(Records from a dataset)

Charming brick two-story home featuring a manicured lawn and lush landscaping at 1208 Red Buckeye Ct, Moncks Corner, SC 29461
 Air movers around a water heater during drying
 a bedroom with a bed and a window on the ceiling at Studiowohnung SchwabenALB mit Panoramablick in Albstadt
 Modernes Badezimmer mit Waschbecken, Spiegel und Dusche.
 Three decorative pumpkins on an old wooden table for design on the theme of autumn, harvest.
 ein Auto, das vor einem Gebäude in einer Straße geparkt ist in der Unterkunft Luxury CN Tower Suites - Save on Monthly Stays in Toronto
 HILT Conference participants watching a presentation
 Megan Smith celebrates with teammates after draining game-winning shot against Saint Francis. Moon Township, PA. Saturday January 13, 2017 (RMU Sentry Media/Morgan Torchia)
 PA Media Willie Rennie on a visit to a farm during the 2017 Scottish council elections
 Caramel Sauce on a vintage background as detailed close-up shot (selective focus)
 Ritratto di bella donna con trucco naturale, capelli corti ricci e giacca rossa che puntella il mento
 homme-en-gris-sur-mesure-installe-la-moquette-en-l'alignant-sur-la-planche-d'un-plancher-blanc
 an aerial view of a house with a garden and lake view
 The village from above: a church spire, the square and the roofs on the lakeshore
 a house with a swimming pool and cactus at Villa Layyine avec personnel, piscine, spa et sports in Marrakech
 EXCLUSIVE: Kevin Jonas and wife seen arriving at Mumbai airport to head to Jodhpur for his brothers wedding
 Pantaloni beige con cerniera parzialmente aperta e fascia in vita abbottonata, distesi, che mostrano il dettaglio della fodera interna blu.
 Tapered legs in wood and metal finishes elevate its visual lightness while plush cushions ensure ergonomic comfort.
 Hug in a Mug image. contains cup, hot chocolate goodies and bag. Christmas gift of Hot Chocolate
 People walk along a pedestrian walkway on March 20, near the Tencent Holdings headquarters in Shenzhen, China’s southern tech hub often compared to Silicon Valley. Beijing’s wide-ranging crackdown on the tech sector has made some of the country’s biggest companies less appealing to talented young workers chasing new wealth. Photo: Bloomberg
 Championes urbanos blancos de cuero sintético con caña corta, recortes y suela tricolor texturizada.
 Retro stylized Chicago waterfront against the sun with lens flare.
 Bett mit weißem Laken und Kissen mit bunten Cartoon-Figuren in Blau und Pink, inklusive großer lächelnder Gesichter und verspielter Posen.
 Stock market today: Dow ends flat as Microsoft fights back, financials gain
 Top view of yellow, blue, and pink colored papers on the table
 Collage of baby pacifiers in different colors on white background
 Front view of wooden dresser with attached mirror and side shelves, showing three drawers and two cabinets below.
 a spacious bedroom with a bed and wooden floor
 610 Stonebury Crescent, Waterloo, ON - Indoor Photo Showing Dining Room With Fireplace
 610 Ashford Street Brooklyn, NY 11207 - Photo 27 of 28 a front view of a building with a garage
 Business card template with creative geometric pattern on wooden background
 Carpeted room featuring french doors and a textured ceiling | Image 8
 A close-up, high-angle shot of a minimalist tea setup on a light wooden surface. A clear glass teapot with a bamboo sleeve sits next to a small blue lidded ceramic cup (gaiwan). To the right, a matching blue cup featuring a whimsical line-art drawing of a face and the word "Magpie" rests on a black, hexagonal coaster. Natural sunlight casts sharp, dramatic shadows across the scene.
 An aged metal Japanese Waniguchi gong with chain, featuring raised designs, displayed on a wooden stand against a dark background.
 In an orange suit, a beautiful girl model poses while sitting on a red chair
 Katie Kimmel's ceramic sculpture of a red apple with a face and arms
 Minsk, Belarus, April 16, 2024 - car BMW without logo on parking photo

PROBLEM TO WORK ON >> With the first line being the one containing "Pantaloni beige con" and the last line the one containing "People walk along", transcribe exactly the lines above that fall in that range.

EXERCISE ANSWER >>
 Pantaloni beige con cerniera parzialmente aperta e fascia in vita abbottonata, distesi, che mostrano il dettaglio della fodera interna blu.
 Tapered legs in wood and metal finishes elevate its visual lightness while plush cushions ensure ergonomic comfort.
 Hug in a Mug image. contains cup, hot chocolate goodies and bag. Christmas gift of Hot Chocolate
 People walk along a pedestrian walkway on March 20, near the Tencent Holdings headquarters in Shenzhen, China’s southern tech hub often compared to Silicon Valley. Beijing’s wide-ranging crackdown on the tech sector has made some of the country’s biggest companies less appealing to talented young workers chasing new wealth. Photo: Bloomberg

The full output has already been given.